Task to carry out -> In the listing that follows, find the line with "5 Kitchener Road, HP11 2 SH-3.jpg", then copy exactly from it through the line with "女友生日，如何用花束传递浓浓的爱意？", leaving out every picture.

Task data ->

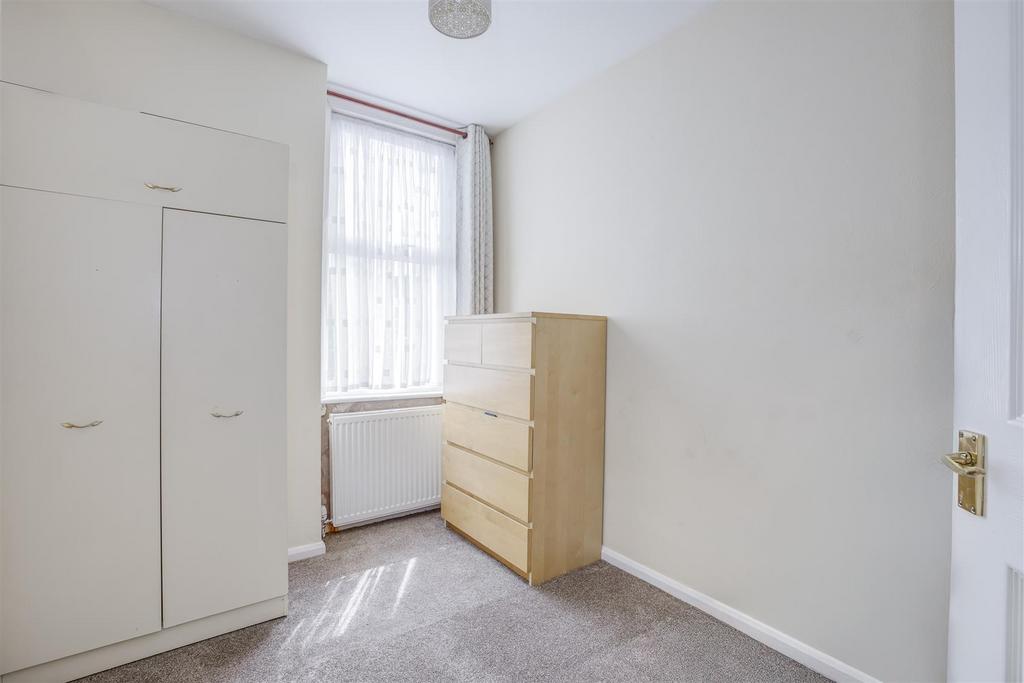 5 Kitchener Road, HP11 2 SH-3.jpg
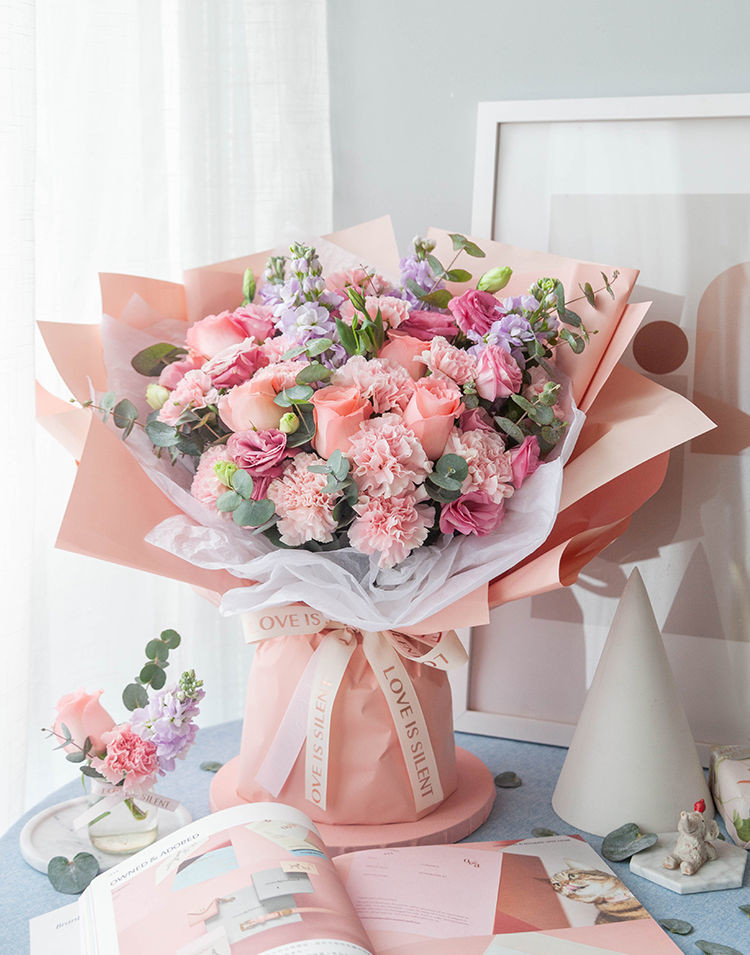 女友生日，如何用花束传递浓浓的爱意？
---
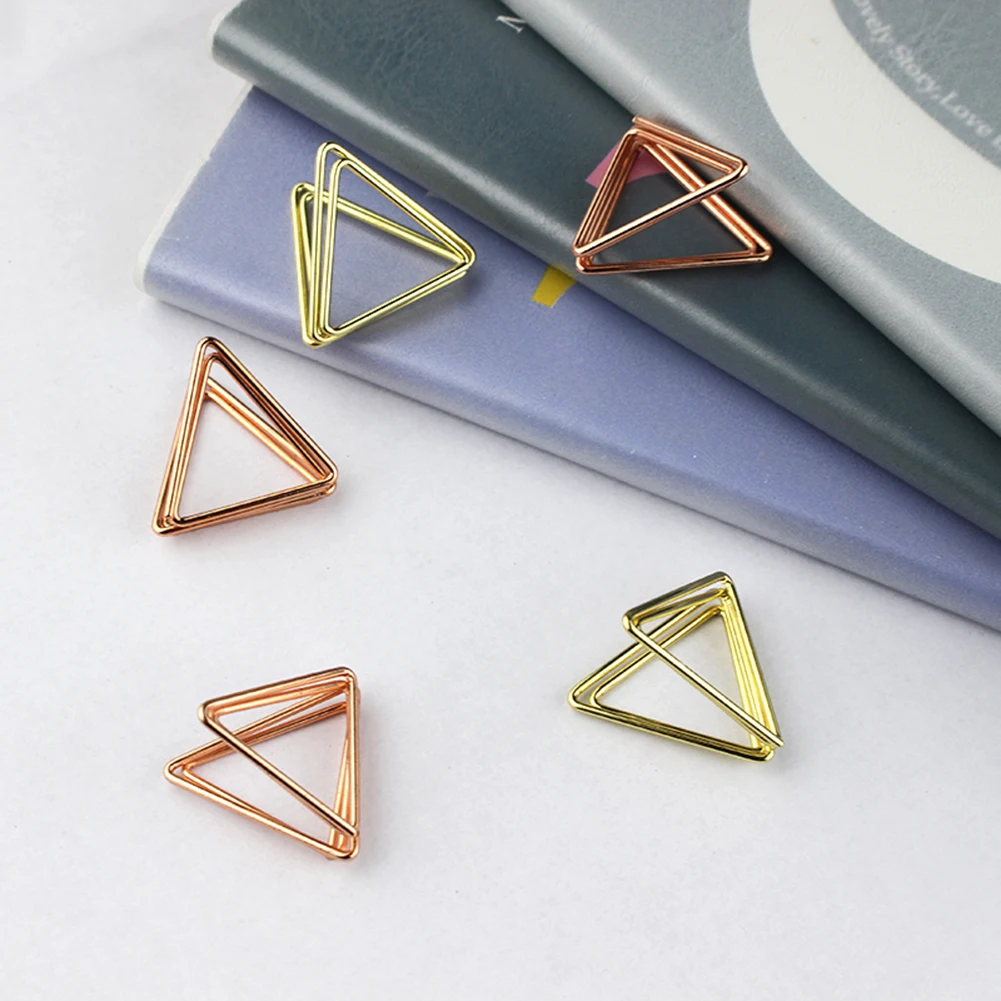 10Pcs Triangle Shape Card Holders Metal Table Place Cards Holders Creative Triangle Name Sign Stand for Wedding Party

Solution ->
 5 Kitchener Road, HP11 2 SH-3.jpg
 女友生日，如何用花束传递浓浓的爱意？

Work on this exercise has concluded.